Vous en connaissez beaucoup, vous, des livres dont vous devez interrompre la lecture à intervalles réguliers, pour cause de fou rire incontrôlé ? Pain et tempête de Stefano Benni est de cette race là et ce n'est pas sa seule qualité. De quoi s'agit-il ? De la lutte d'un carré d'irréductibles d'un petit village du sud de l'Italie, le plus souvent accoudés au comptoir du mythique Bar Sport, contre des promoteurs immobiliers cyniques et une municipalité cupide. De cette trame linéaire, Benni s'échappe sans cesse, parce que son goût n'est pas pour les autoroutes rectilignes mais bien pour les sentiers de traverse. Alors, l'auteur digresse, et nous offre une vingtaine d'histoires annexes, comme autant de petites nouvelles aux allures de contes populaires. Et ceci, en variant les styles, du grotesque rabelaisien à la sagesse de Montaigne, quand ce n'est pas une atmosphère fantastique qui vient nimber ces récits le plus souvent hilarants. Dans Pain et tempête, on rencontre beaucoup d'animaux qui parlent et qui résolvent les problèmes des humains. Ainsi, ces brebis qui viennent en aide à un berger esseulé en le connectant à Sheepskype sur internet. Ou bien, "le chien le plus intelligent du monde", capable de dénicher n'importe quel gibier après avoir vu son image dans un dictionnaire. Facétieuses, incongrues, sarcastiques, saugrenues, pétillantes : tous les qualificatifs conviennent pour ces fables délirantes et loufoques. Gnomes surgis de la forêt, sorcières maléfiques, fantômes mélancoliques : ils jouent tous un rôle, jusqu'à Belzébuth, en personne, lancé dans une partie de ping-pong échevelé contre un simple mortel. Mais à quoi bon s'échiner à tenter de décrire Pain et tempête, c'est un roman qui se déguste le sourire en bandoulière et les yeux écarquillés devant l'imagination de l'auteur.
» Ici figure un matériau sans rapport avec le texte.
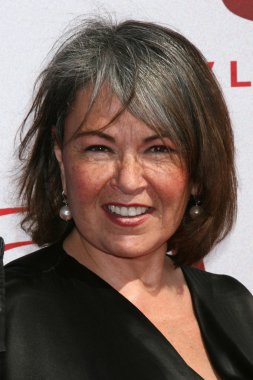 Roseanne Barr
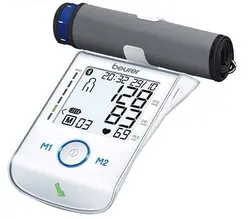 فشارسنج دیجیتالی بازویی بیورر مدل beurer BM85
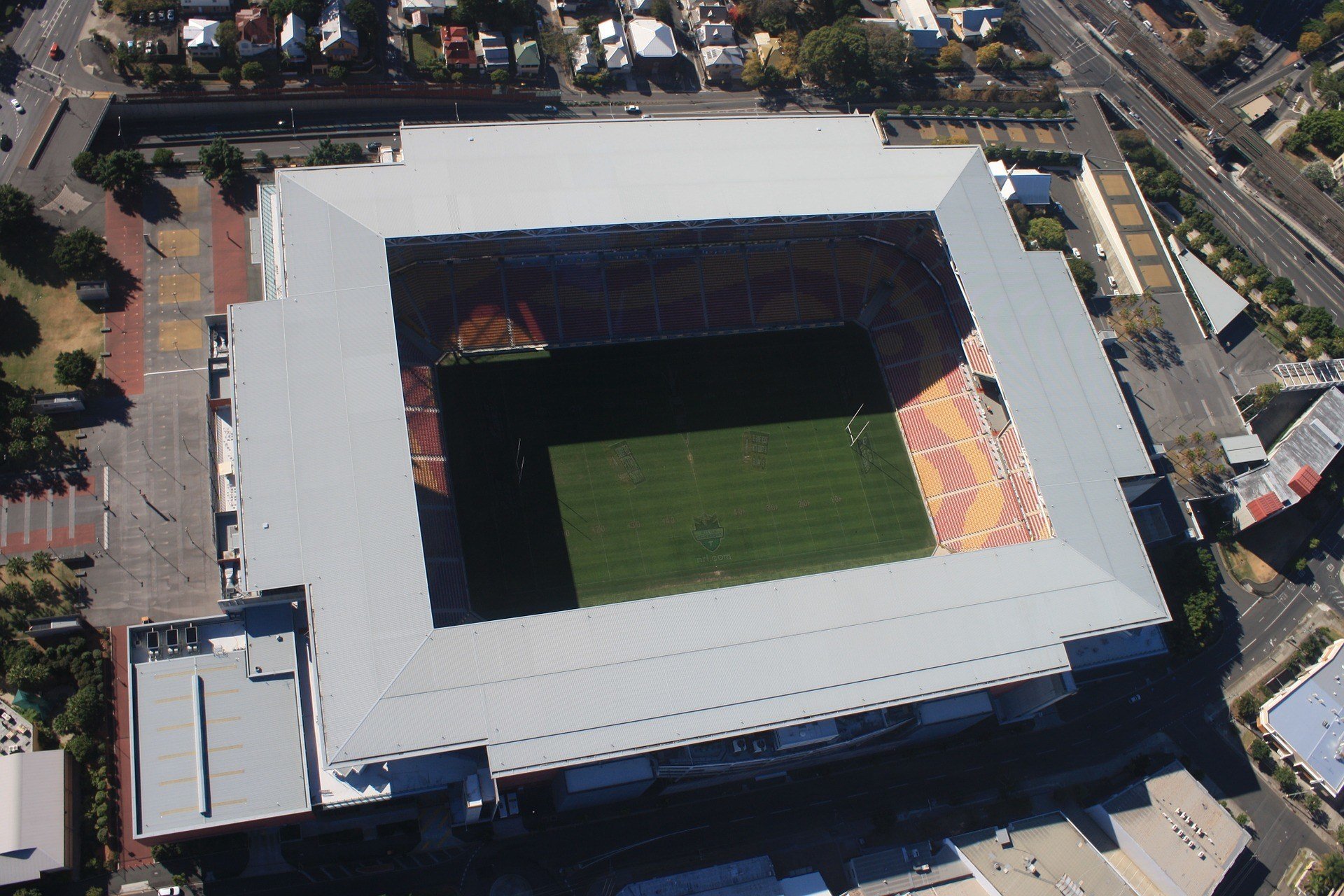 Petrie Terrace, Brisbane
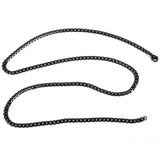 UPGRADE Black Necklace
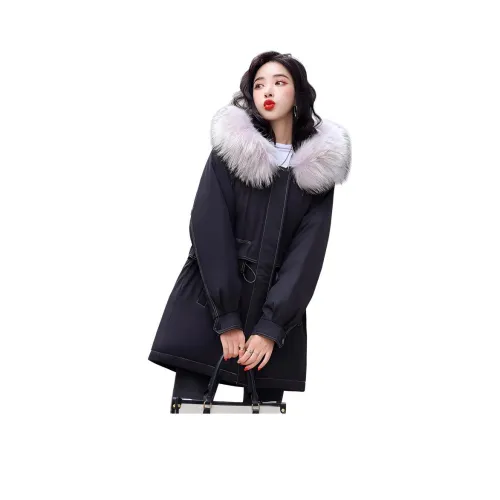 YAYA Женские Пуховики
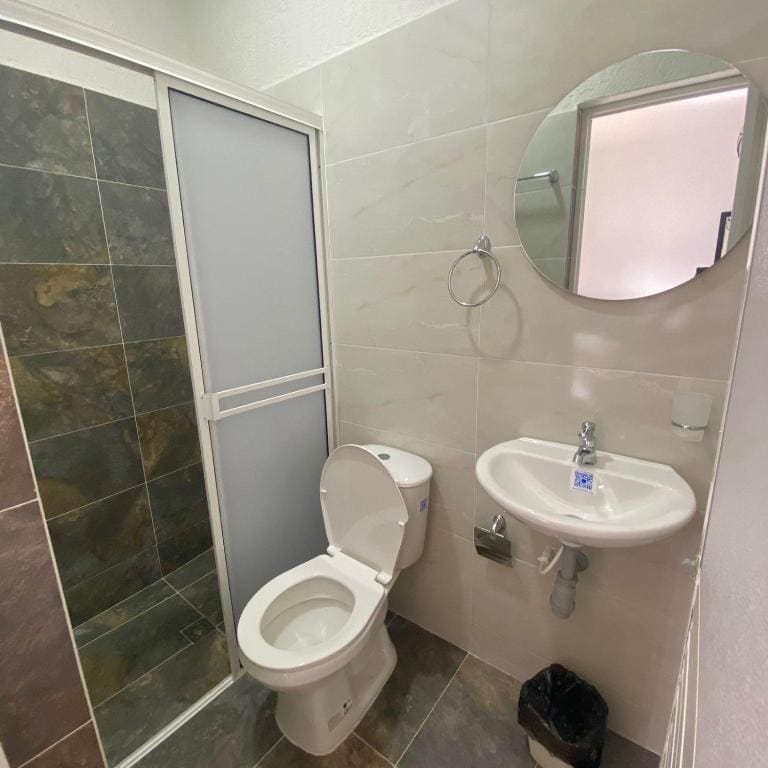 Single Room room - Image 1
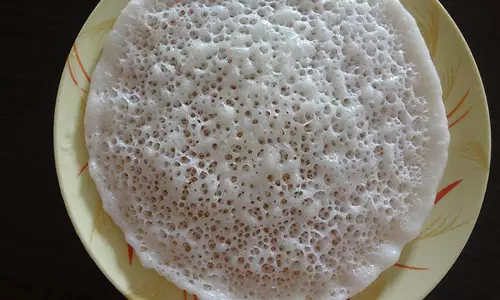 Curd Dosa: नाश्ते में कुछ हल्का खाने का मन है तो ये साउथ इंडियन डिश रहेगी लाजवाब Curd Dosa: नाश्ते में कुछ हल्का खाने का मन है तो ये साउथ इंडियन डिश रहेगी लाजवाब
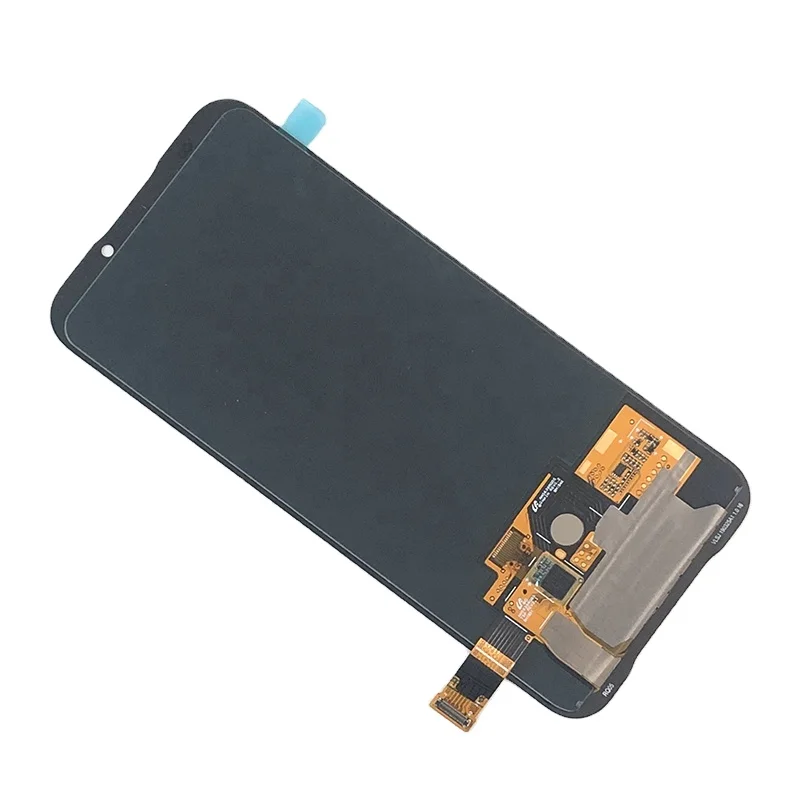 For Blackshark 2 Pro LCD Screen Display 100% Original New For Xiaomi Black Shark 2 Amoled Touch Screen Digitizer Panel
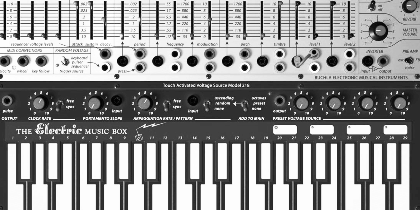 RICHMOND SYNTH COLLECTIVE
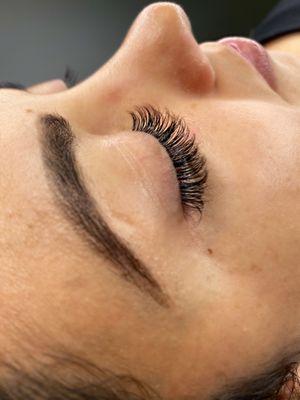 Lashes by Dessire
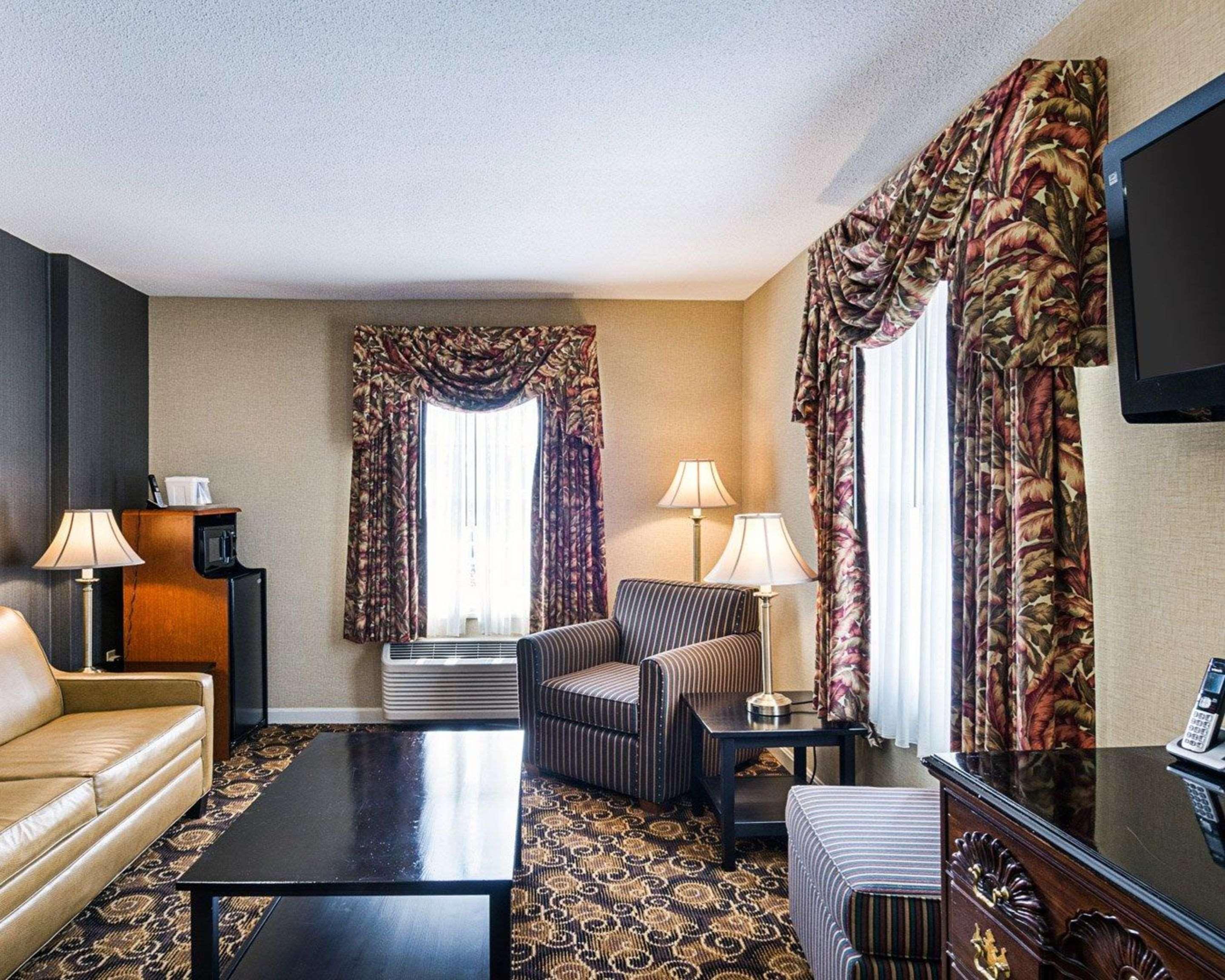 Comfort Inn Rockland - Boston Екстериор снимка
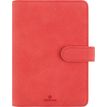 3664447233246-Organiseur Ramatuelle - 14 x 18,5 cm - corail - Oberthur--0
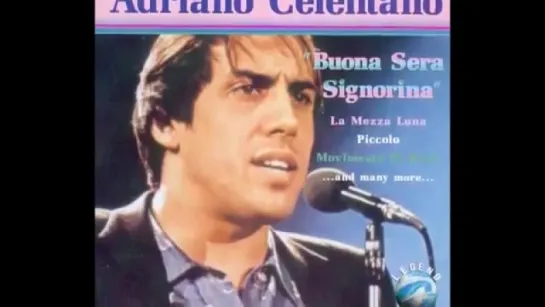 Adriano CELENTANO - Stivali E Colbacco...1979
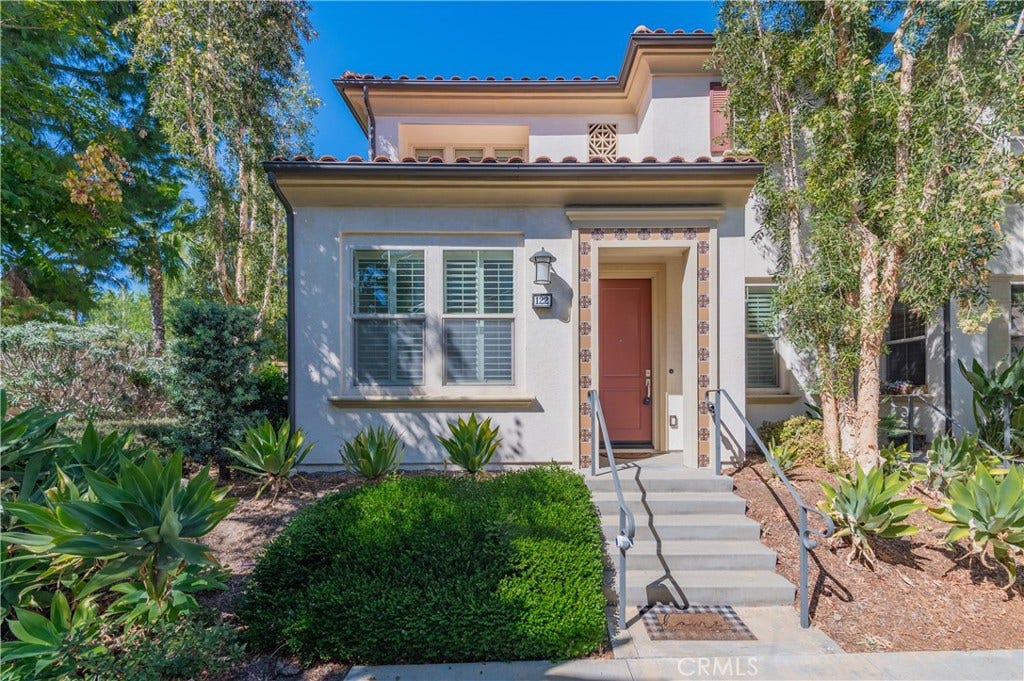 122 Wild Rose, Lake Forest, CA 92630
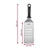 Master Line perforated spatula, 20 x 9.5 cm, stainless steel - Westm
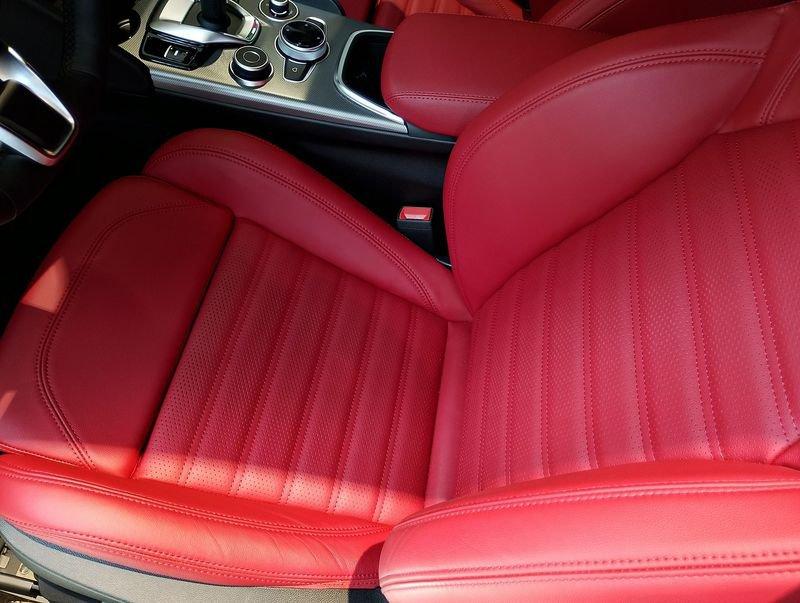 Alfa Romeo Giulia 2.0 T 280cv Veloce AT8 Q4
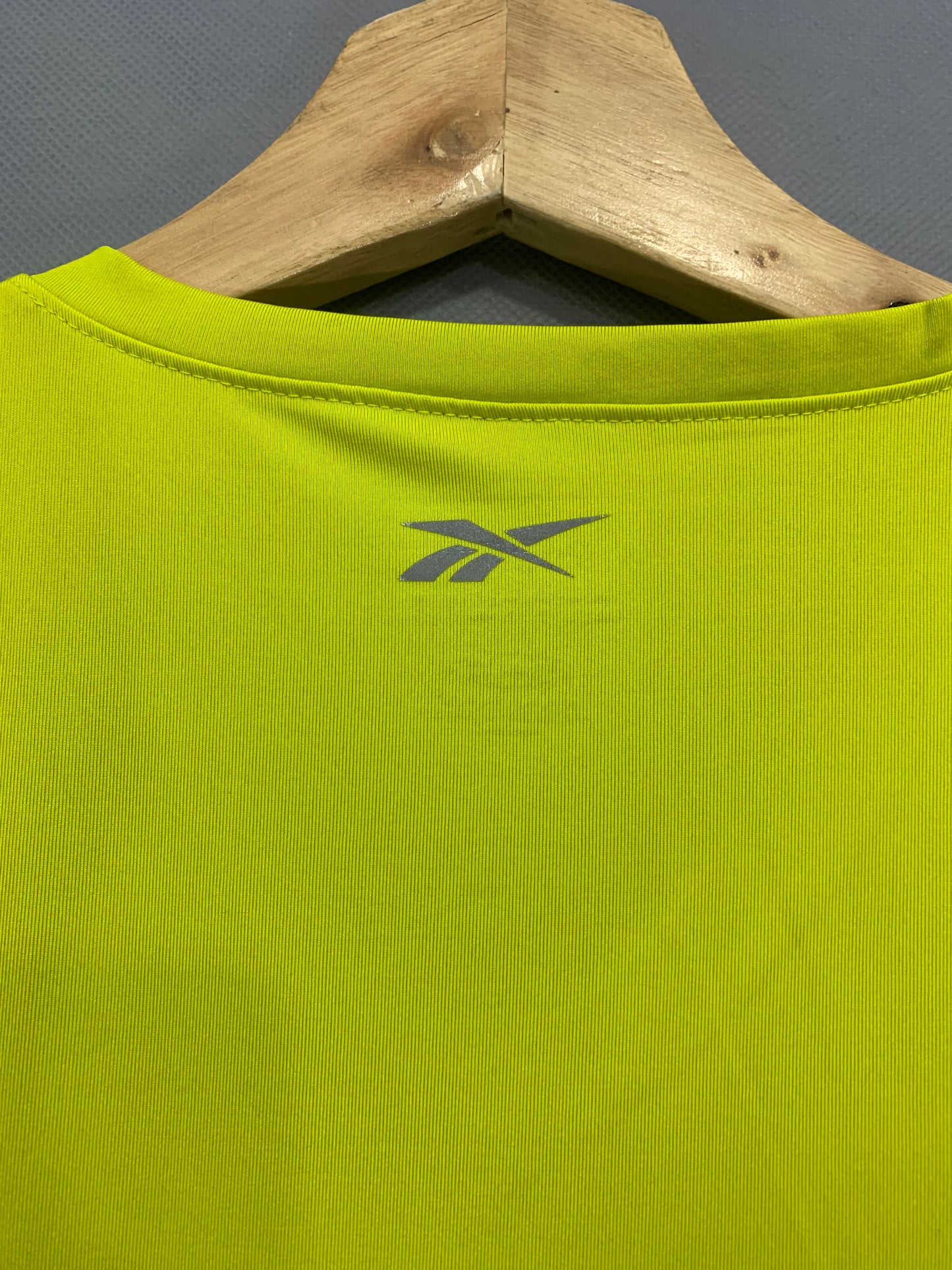 Reebok Branded Original For Sports Women T Shirt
Le spectre du grand Edgar Poe, lui-même, fait une apparition à la fin du livre et résume bien l'affaire : "Peur et gaieté, parfois, sont enfermées dans la même boîte, comme un carillon qui posséderaient deux sonneries." Bon sang, mais c'est bien sûr, à force de se gondoler, on en oublierait presque que Stefano Benni, à la façon des meilleurs fabulistes, nous décrit une société privée de repères et de valeurs, toute entière livrée aux spéculateurs et aux zélateurs de la consommation de masse. Stefano Benni est avant tout un moraliste qui ne craint pas de caricaturer pour mieux dénoncer. Et nous, on dit : "Grazie mille."

Un coup de chapeau à la traductrice, Marguerite Pozzoli, qui a fait des prodiges pour restituer la langue haute en couleurs de l'auteur.